News networks have called NYC's Republican mayoral primary for Joe Lhota, who has beaten grocery-store owner and billionaire John Catsimatidis. With 89% of the precincts reporting at 11:12 p.m. according to WNYC, Lhota holds an 11-point lead over Catsimatidis. This was a widely expected result and will allow the Bronx native to attempt to prolong the Republicans' 20-year hold on City Hall.
Lhota has a long background in public service. Most recently, he was the head of the Metropolitan Transit Authority and gained widespread praise for the agency's performance during Hurricane Sandy. Most of the city's subway system was up and running a week after the storm, and weeks after the event, a vast majority of New Yorkers across all demographic groups rated the agency's performance "good" or "excellent."
Lhota is also a veteran of the Giuliani administration, having served as the former mayor's budget chief and deputy mayor for operations. Giuliani has taken to the campaign trail to stump for his former employee, who largely shares Giuliani's political profile — he's relatively liberal on social issues (he is in favor of legalizing gay marriage and marijuana use) but is known as a budget hawk and someone who's tough on law-and-order issues.
The result of the Republican primary was never really in doubt, but it was an entertaining contest nonetheless.

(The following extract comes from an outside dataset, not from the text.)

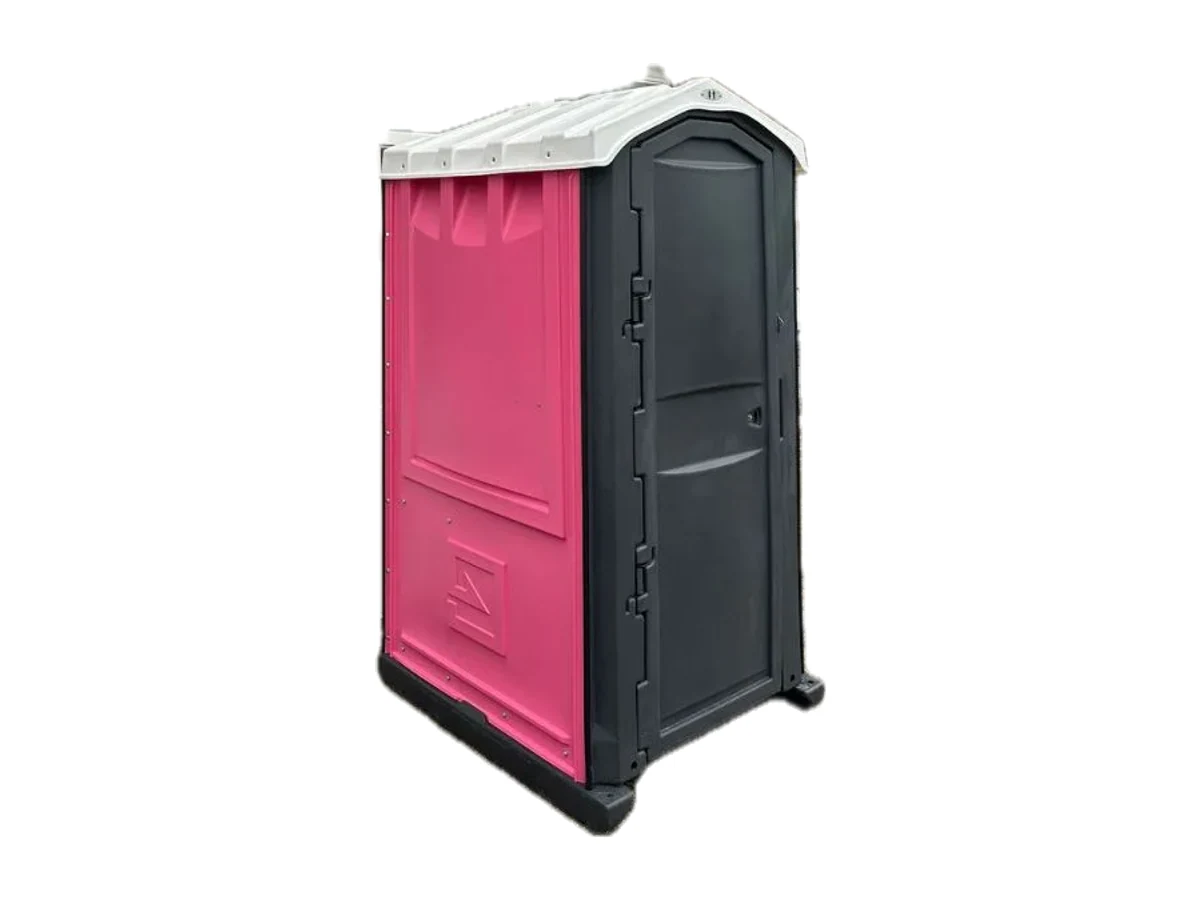 Toiletcabine Global MTM grijs-roze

The rivalry between Lhota and "Cats" sometimes got nasty:
But the last couple weeks were largely consumed by the debate over the so-called "subway kitties," who held up traffic on the city's B and Q lines for over an hour on August 29. Catsimatidis wrote a lovely poem about the cats, but Lhota insisted that he would not have stopped subway traffic for over an hour in order to save the lives of two animals.
Lhota certainly will not go into the general election as a favorite — but it would be unwise for Democrats to write him off entirely.